Rajpara Anand, Liolios Ana, Fraga Garth, Blackmon Joseph
University of Kansas Medical Center.
Dermatol Online J. 2014 Jun 15;20(6):13030/qt35w8r1g3.
A 58-year-old man with a history of hyperlipidemia and hypertension presented to the dermatology clinic with a 3-month history of a sudden onset, progressively worsening pruritic eruption involving the torso and extremities.
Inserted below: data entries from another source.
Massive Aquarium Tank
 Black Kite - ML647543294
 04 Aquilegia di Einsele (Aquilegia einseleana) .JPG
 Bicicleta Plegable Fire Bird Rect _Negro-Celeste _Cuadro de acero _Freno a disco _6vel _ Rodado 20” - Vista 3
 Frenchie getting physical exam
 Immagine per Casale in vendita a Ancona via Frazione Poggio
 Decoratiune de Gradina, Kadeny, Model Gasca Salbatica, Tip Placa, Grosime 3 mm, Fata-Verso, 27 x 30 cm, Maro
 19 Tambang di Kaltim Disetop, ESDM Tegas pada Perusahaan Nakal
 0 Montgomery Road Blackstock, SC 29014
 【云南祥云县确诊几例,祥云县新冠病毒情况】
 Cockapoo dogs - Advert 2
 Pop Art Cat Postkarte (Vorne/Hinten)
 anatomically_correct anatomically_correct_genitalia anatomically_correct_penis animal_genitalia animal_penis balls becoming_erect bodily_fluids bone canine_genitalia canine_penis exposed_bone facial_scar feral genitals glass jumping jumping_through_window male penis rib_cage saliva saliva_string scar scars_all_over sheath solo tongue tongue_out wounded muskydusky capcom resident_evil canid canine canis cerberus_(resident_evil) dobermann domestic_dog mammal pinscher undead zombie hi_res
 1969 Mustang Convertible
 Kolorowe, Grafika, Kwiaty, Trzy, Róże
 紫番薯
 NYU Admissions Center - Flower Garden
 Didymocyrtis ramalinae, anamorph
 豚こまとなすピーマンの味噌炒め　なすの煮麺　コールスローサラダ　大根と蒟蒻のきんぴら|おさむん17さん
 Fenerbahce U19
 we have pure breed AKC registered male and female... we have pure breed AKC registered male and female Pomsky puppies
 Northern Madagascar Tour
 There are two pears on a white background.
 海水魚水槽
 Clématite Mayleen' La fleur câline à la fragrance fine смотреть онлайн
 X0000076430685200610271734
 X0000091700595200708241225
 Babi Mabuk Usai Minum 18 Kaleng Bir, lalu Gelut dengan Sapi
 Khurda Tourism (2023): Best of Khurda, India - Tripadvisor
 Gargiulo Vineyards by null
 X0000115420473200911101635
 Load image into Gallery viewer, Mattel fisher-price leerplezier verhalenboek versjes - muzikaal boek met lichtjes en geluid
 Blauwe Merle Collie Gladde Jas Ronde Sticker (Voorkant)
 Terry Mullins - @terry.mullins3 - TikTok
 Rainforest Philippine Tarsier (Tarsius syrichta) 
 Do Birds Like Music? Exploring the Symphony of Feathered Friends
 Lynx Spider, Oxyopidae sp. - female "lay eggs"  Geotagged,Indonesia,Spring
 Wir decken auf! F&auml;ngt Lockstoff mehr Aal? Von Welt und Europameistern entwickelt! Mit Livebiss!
Prior treatment included azithromycin and oral and intramuscular steroids, without improvement. Laboratory results demonstrated a serum eosinophil count of 7x10(3)/uL (normal 0-4). A 4-mm punch biopsy of the plaque on the patient's left thigh revealed a diffuse dermatitis with innumerable eosinophils with formation of "flame figures." Histologically, these findings are consistent with a diagnosis of Wells syndrome (WS). A work up for possible underlying malignancy found that the patient had underlying clear cell renal carcinoma. The eruption largely resolved following right laparoscopic nephrectomy with negative surgical margins, thus confirming the diagnosis of paraneoplastic WS. However, 2 years later the patient developed metastasis to his liver, lungs, and ribs. The patient's cancer has continued to progress despite treatment with high-dose interleukin-2, oral sunitinib, afinitor. avastin, azacytidine, and currently axitinib. Our case is the first to describe eosinophilic cellulitis arising in a patient with underlying renal cell carcinoma.
一名58岁男性,有高脂血症和高血压病史,因突发、进行性加重的瘙痒性皮疹3个月就诊于皮肤科门诊,皮疹累及躯干和四肢。先前的治疗包括阿奇霉素以及口服和肌肉注射类固醇,但均无改善。实验室检查结果显示血清嗜酸性粒细胞计数为7×10³/μL(正常范围为0 - 4)。对患者左大腿斑块进行4毫米钻孔活检,显示为弥漫性皮炎,有无数嗜酸性粒细胞,并形成“火焰状图形”。组织学上,这些发现符合威尔斯综合征(WS)的诊断。对可能的潜在恶性肿瘤进行检查发现,该患者患有肾透明细胞癌。在右腹腔镜肾切除术后,手术切缘阴性,皮疹基本消退,从而确诊为副肿瘤性WS。然而,2年后患者出现肝、肺和肋骨转移。尽管接受了高剂量白细胞介素-2、口服舒尼替尼、依维莫司、阿瓦斯汀、阿扎胞苷治疗,目前又接受阿昔替尼治疗,患者的癌症仍在继续进展。我们的病例是首例描述在肾细胞癌患者中出现嗜酸性蜂窝织炎的病例。